Что тебе то помогает,
Если сердце внутрь рыдает?
Завоюй земной весь шар.
Будь народам многим царь,
Что тебе то помогает,
Аще внутрь душа рыдает?..
О, покою наш небесный, где ты скрылся с наших глаз?
Ты нам обще всем любезный, в разный путь разбил ты нас,
За тобою-то ветрила простирают в кораблях,
Чтоб могли тебе те крила по чужих сыскать странах.
За тобою маршируют, но достанут ли когда?
Ах, ничем мы недовольны: се источник всех скорбей!
Разных ум затеев полный – вот источник мятежей!..
Аскетом Сковорода не был и за духовной беседой иногда выпивал лишнюю чарку вина. Не ставил он слишком суровых требований и своим ученикам. Но это отдание земле земного не мешало ему иногда воспарять на крыльях энтузиазма высоко над «глинкой». Люди, завязшие в «глинке», не знают этих взлетов, не верят им, но о них говорит не один Сковорода.
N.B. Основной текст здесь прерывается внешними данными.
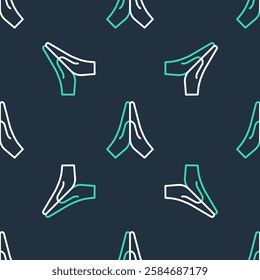 Line Hands in praying position icon isolated seamless pattern on black background. Prayer to god with faith and hope.  Vector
– Имея разженные мысли и чувствие души моей благоговением к Богу, – рассказывает Сковорода, – встав рано, пошел я в сад прогуливаться. Первое ощущение, которое я осязал сердцем моим, была некая развязность, свобода, бодрость, надежда с исполнением. Введя в сие расположение духа всю волю и все желания мои, почувствовал я внутрь себя чрезвычайное движение, которое исполнило меня силы непонятной. Мгновенно излияние некое сладчайшее наполнило душу мою, от которого вся внутренняя моя возгорелась огнем, и казалось, что в жилах моих пламенное течет кругообращение. Я начал не ходить, а бегать, акибы носим неким восхищением, не чувствуя в себе ни рук, ни ног, но будто бы весь я состоял из огненного состава, носимого в пространстве кругобытия. Весь мир исчез подо мною, одно чувствие любви, спокойствия, вечности оживляло существование мое. Слезы полились из очей моих ручьями и розлили некую умиленную гармонию во весь состав мой. Я проник в себя, ощутил аки сыновнее любви уверение…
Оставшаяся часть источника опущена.